(Listen to the radio version here.)
I've heard from several people asking how anyone can possibly, with any accuracy, count 78,499 Blue Jays—this fall’s Hawk-Ridge total through October 5. How do we know they’re not counting the same jays over and over when so many are pigging out in oak trees and at bird feeders in nearby residential areas, going this way and that?
From my own neighborhood under Hawk Ridge, I sometimes see hundreds of Blue Jays on good migration days, but there’s no way I could possibly make a reasonable count. At any given moment, some may be in my feeder while others are in trees, flying overhead, arriving, and departing. And yep—except for the ones high above, they’re going every which way. When leaves are off the trees, I can see the Main Overlook from my yard, but all the foliage right now cuts my view to a relatively small wedge of sky and makes counting the birds in trees impossible.
At Hawk Ridge, no one is trying to identify birds hidden in trees—their job is to count migrants. The Main Overlook stands at an elevation of 1,226 feet, and the drop to my neighborhood is abrupt—my yard, 0.92 miles away as the Blue Jay flies, is more than 500 feet lower, with the hugest drop off right below the Main Overlook. My neighborhood gently slopes toward Lake Superior, its surface elevation about 600 feet.
Counters at the Ridge have an unobstructed view of the sky and much of the area below the Ridge above the tree line, spanning from east-northeast through east, southeast, south, southwest, west, and west-northwest. From the fairly new counting platform, they can also see further out in the more northerly directions. I'm sure they miss virtually all the Blue Jays coming into and leaving my yard almost a mile away below tree top level, but many of the jays I can see flying high overhead without stopping here are visible from up there, too. And those high-flying jays are all moving in a generally southwest direction to clear the lake.
Blue Jays are not strong flyers. They move in loose flocks and seem to travel in bursts of a mile or two at a time. It's only Blue Jays hanging out in a small area for a while who move every which way, and they tend to stay at or below treetop height. At Hawk Ridge, jays coming in from the northeast often land in the tree stand just before the main overlook to rest and feed. The counters can safely ignore them until they take off, when they’ll strike out overhead.
It's relatively easy to count moving Blue Jay flocks because in flight, they’re direct and fairly slow. A flock may be long and wide, but individual birds tend to stay in the same positions as they move along, unlike the much more swirling flocks of finches, waxwings, and blackbirds.
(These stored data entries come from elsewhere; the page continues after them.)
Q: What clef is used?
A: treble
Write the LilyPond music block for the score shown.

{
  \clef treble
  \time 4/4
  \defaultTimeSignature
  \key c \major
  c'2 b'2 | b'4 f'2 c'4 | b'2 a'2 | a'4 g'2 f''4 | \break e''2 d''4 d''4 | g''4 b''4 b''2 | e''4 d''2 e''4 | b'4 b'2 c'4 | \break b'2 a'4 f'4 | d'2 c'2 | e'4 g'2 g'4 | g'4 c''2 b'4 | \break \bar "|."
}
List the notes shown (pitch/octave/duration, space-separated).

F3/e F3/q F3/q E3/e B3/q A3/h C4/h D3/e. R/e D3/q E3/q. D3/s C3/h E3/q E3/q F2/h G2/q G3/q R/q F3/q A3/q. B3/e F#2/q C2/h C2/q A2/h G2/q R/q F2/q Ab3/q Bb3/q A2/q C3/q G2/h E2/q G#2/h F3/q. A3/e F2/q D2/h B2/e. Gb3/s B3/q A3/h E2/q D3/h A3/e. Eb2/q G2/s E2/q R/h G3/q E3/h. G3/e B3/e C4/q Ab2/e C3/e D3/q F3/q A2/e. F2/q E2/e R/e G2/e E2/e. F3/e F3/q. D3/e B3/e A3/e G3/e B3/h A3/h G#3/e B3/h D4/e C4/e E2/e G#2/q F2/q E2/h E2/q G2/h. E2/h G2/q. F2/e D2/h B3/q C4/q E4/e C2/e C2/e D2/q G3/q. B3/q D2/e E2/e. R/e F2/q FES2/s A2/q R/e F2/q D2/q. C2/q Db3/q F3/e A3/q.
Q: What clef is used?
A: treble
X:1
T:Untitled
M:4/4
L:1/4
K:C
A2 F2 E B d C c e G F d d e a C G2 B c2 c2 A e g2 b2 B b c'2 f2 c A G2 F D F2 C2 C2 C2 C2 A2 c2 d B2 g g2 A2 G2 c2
And again, they’re all heading pretty much south-southwest to clear the western tip of Lake Superior.
When I was one of the emergency auxiliary backup counters at the Ridge in the 80s and early 90s through when Frank Nicoletti became the counter, we had one official counter (usually Molly Evans) and sometimes, on busy days, a helper or two. Now there are virtually always multiple counters as well as that new platform providing a significantly better view away from where visitors gather and distract. I was a very competent counter, but as with all human endeavors, from science to sports, people are always making advances. The skills I had three decades ago have been vastly surpassed by the skills of the current counters, both in terms of quick, accurate identifications and well-coordinated, improved counting methods.
So that count of 78,499 Blue Jays is a very close approximation of the number of Blue Jays who migrated over Hawk Ridge through October 5. Of course, that is not the total number of Blue Jays who passed through Duluth this fall. That number is unknowable but significantly larger, including the many jays who approached the eastern part of Duluth lower than treetop height, flitting neighborhood to neighborhood or sticking close to the shoreline, and the jays who approached Duluth well west of the Ridge.
As with just about everything related to birds, I love how the more we learn, the more we realize we don’t know. The winter range of Blue Jays extends just as far north as their breeding range, and their breeding range extends just as far south as their wintering range, so many visitors at Hawk Ridge are surprised to learn that Blue Jays are a migrating species. And no matter how well we study them and how much we learn, no mere human can predict whether an individual Blue Jay will leave or stay in any particular year—many young birds migrate but many don’t, and some adults migrate some years and not others. As talkative as they are, Blue Jays are much better at keeping secrets than we humans will ever be at figuring them out.
I wondered exactly this. Thanks for answering my questions!